Recently I was attacked within moments of leaving my home. I was spotted coming out my front door and the enraged assailants swooped. My heart raced and my hands dropped the headphones I had been planning to push into my ears. My body shifted to fight-or-flight mode.
Fortunately there was a mature tree on the far side of the road. I got to it safely and huddled in its cover. I had recently finished Max Hastings’s book on the Vietnam war, and imagined images from that conflict flashed through my mind as, hunkered down, I made my way along the footpath, hurrying from tree to tree, noting as I did so how the mesh of overhead electricity and telephone wires were providing further cover from my dive-bombing assailants.
A black estate car that was passing screeched to a halt. It was my older brother. He just happened to be driving by. “Are you being chased?” he asked through the scrolled-down window. “Yes! Quickly! Open the doors!” The car’s sunroof was open and through it came the angry screams of my frustrated attackers. “Go!” I panted from the back seat. “Drive!”
The reason for the attack was not a mystery. That morning, in the bathroom, I had looked out the window to the side-garden and noticed a visitor.
As with all true war stories, this is a sad one
It was a beast, the same grey as a wood pigeon, slightly larger, with immature feathers and webbed feet. It was pecking at the lawn and seemed happy enough.
I went down to the kitchen and took a closer look out through the door. Ah, I may have said, as the penny dropped somewhere in my early-morning mind; a baby seagull, fallen from the roof.
Over the following hours we grew fond of the thing, and christened him Fred.
He walked happily around the grass, pecking at the ground, and seemed to waddle towards the kitchen door any time he heard any of us in that room.
When I came home from work I found him standing outside the front door, as if waiting to be let in.
When I closed the door in his expectant face, he appeared to feel hurt.
It was when I was heading out later for a run that I was attacked. A seagull on the roof of the house opposite raised the alarm as he launched himself into the air.
He was immediately joined by two other birds (a spouse and one of Fred’s uncles, I decided), and they swooped down in waves like fighter jets delivering doom.
After my run, I considered whether I could return to my home in some unconventional way, say by successively trespassing into neighbouring back gardens until I came to my own.
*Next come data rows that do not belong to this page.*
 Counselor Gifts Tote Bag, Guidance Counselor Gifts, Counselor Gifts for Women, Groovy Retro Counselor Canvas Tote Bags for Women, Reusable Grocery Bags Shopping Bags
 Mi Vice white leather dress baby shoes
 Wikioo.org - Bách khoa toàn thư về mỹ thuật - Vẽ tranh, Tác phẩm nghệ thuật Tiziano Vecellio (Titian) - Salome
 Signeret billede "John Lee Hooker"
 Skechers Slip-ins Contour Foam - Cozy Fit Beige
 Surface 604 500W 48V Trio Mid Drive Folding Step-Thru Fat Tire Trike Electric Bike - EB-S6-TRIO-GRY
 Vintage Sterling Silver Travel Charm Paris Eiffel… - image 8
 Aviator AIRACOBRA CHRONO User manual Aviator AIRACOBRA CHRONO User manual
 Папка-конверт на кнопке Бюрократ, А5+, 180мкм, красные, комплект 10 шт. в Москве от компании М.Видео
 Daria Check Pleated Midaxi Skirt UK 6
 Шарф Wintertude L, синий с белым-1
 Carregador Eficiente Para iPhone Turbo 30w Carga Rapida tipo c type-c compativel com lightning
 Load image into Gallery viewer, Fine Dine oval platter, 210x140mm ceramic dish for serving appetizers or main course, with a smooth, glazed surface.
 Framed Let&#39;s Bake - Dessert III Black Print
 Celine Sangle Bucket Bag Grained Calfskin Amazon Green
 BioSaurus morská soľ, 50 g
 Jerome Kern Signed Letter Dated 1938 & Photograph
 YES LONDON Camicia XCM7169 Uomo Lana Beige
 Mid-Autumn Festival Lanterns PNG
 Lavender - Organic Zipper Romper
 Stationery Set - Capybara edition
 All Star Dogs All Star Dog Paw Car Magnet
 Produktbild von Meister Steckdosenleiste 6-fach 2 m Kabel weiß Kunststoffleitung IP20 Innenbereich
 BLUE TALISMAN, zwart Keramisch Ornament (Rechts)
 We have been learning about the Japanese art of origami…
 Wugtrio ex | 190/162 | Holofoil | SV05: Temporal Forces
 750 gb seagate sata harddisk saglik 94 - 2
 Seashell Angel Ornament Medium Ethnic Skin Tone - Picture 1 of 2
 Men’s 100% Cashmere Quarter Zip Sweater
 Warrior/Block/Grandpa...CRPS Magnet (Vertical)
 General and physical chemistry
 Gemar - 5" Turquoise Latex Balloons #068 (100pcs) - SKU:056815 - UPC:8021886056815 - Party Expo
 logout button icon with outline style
But macho pride, (and fear of being attacked by a dog), prompted me to bravely head off once more along my own Ho Chi Minh Trail, under the cover of the suburban trees.
I was close to the house before a seagull on a chimney pot recognised my face (or my nervousness) and raised the alarm. Cue more swooping, screaming gulls. I made it to the safety of my hallway. Whew.
That evening myself and my other half celebrated with a few glasses of Picpoul de Pinet while on the other side of the kitchen door Fred waddled around, and on nearby rooftops his relatives scowled. At one stage we even put out a bowl of water, from which Fred drank heartily.
As with all true war stories, this is a sad one. I was woken in the night by screams. There was a different beast in the garden, this time a lovely-looking, red-brown fox.
There was no clear flight path along which Fred’s relatives could make their approaches and they were forced to make near-vertical dives, like shrieking German Stukas from the second World War (apologies for introducing another war).
The fox, moving regally, ignored them with an insouciance that I decided I would not mention when I came to tell my story.
There was no sign of Fred.
Later that morning I rose early for work. The sky was blue and the silence was serene. I dared go to the shed in the side garden to fetch my bike. No-one attacked me or expressed outrage from a nearby roof.
There were no scattered feathers on the grass, or trails of blood across the paving stones to the gate. Yet I peddled off down the hill, unassailed, fearing the worst.